Il terzo motivo per non introdurre il matrimonio omosessuale sarebbe il “rischio” di un «rozzo attacco al linguaggio che trovò forse la sua più bestiale espressione nella soppressione delle parole “padre”, “madre”, “moglie” e “marito” nella ridicola legge spagnola su matrimonio e famiglia» (queste sono le parole di Guarini). I nostri uccrociati riassumono queste parole di Guarini affermando che ci sarebbe uno «stravolgimento concettuale di termini come “moglie”, “marito”, “padre” e “madre”, già sentiti come discriminatori verso coloro che non lo possono essere»: siamo sicuri che gli uccrociati sappiano leggere ed interpretare? Un secondo segno di annebbiamento mentale per i nostri uccrociati.
Ad ogni modo Guarini sarà sconvolto ma negli articoli del codice civile che regolano il matrimonio (143, 144 e 147) non ci si riferisce a “moglie” e “marito” (ad eccezione del primo comma dell’art. 143) ma più genericamente a “coniugi”: insomma forse questo “attacco” c’è stato e Guarini non se n’è accorto.

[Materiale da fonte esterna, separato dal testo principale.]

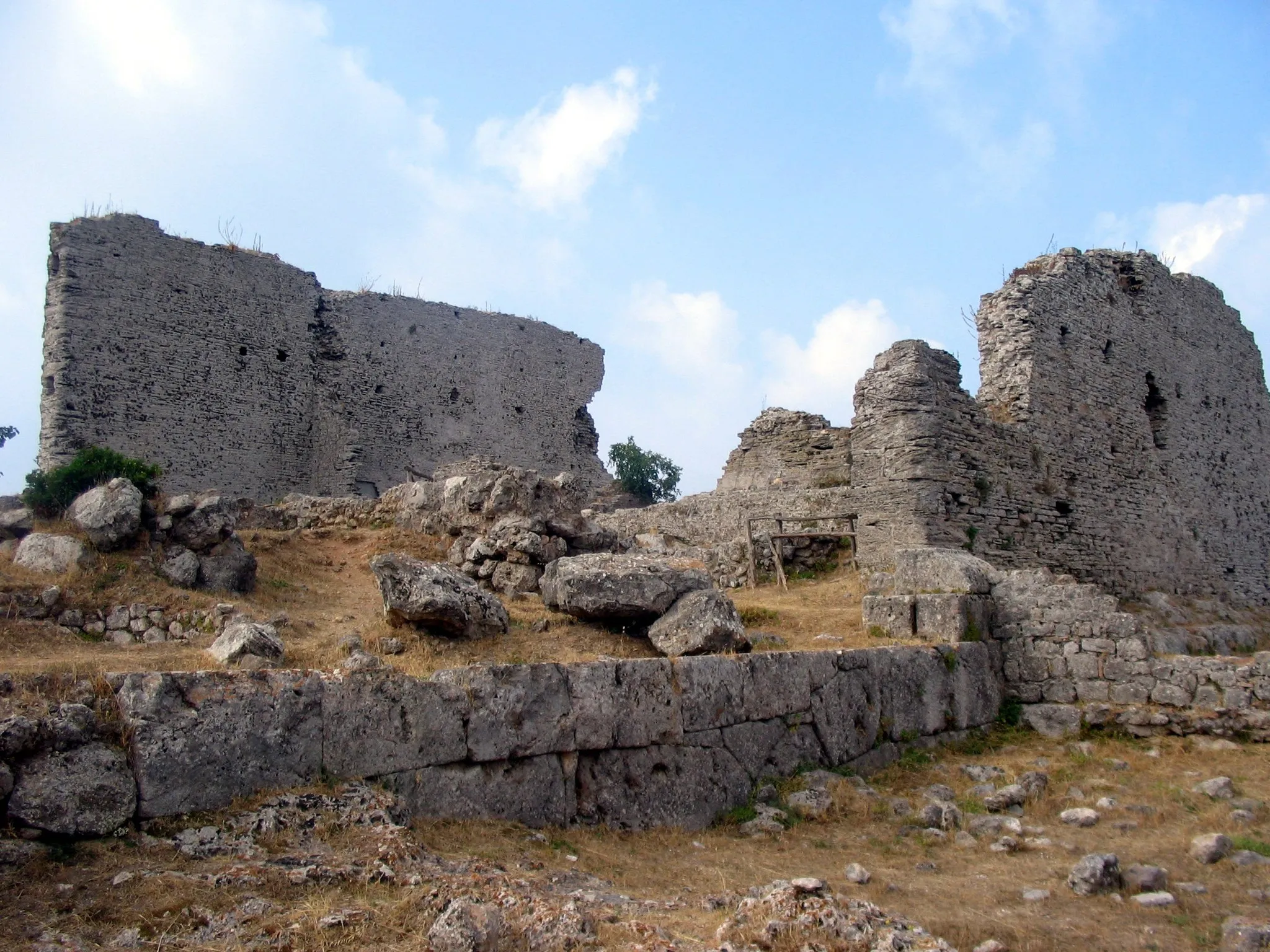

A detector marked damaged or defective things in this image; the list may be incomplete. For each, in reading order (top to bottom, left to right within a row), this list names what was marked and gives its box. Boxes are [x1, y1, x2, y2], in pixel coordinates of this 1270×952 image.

wall with cracks [36, 214, 610, 500]
wall with cracks [96, 645, 1000, 832]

Il quarto motivo – per Guarini e i nostri uccrociati – per non legalizzare il matrimonio omosessuale è che «i problemi pratici e legali possono essere risoltianche senza l’esigenza del matrimonio, ma attraverso precise misure giuridiche»: è strano che – su 27 stati membri della Ue – ben 19 abbiano pensato solamente ad introdurre il matrimonio omosessuale o il riconoscimento giuridico delle unioni omosessuali ed abbiano ignorato la soluzione proposta da Guarini.

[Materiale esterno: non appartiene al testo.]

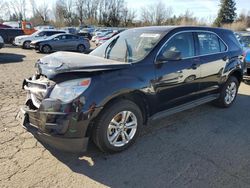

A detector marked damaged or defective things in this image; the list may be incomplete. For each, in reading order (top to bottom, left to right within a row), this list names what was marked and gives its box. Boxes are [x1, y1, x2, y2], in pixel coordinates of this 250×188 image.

crumpled hood [37, 51, 131, 78]
broken headlight [49, 78, 91, 103]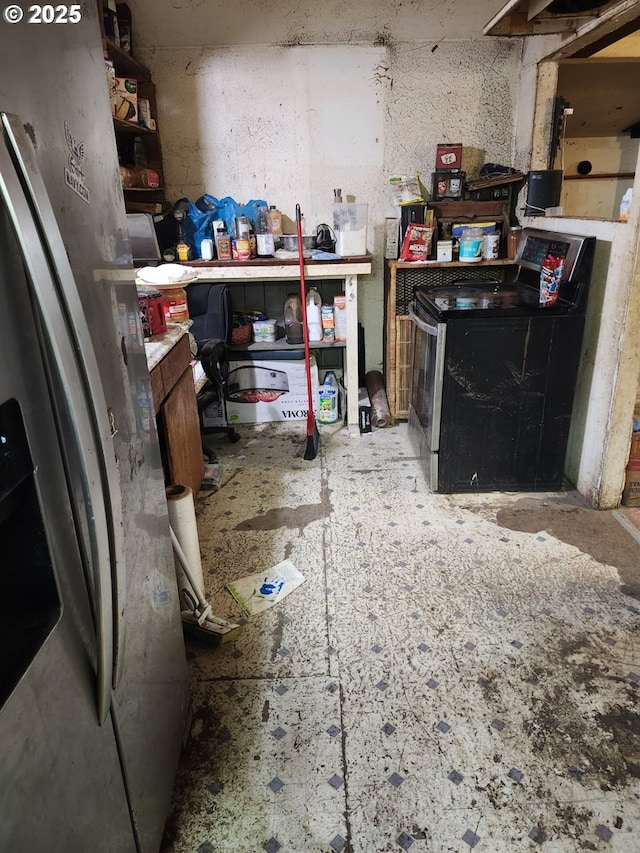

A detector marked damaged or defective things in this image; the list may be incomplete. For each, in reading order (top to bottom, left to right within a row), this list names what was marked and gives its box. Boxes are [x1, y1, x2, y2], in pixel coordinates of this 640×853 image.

peeling paint wall [135, 26, 520, 372]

L’ultimo motivo è che si tratta «di una mera strumentalizzazione del movimento gay, che in realtà non è interessato davvero come ha spiegato Imma Battaglia, presidente DigayProject» Francamente non è vero che Imma Battaglia abbia detto che il movimento gay non è interessato al riconoscimento delle unioni omosessuali. Le parole di Imma Battaglia sono più che chiare: «Difendo il diritto alla libertà di scelta, ma- senza il diritto a una vita dignitosa, senza lavoro, senza welfare, senza prospettive future- questo diritto sarà negato a tutti e tutte. Per me questo è il diritto civile più importante, da cui scaturiscono tutti gli altri». Insomma – per Imma Battaglia – il matrimonio omosessuale rientra nell’insieme ben più ampio dei diritti civili come il diritto al lavoro ed allo stato sociale: ben più che condivisibile. Un terzo segno di annebbiamento mentale per i nostri uccrociati: bisogna preoccuparsi?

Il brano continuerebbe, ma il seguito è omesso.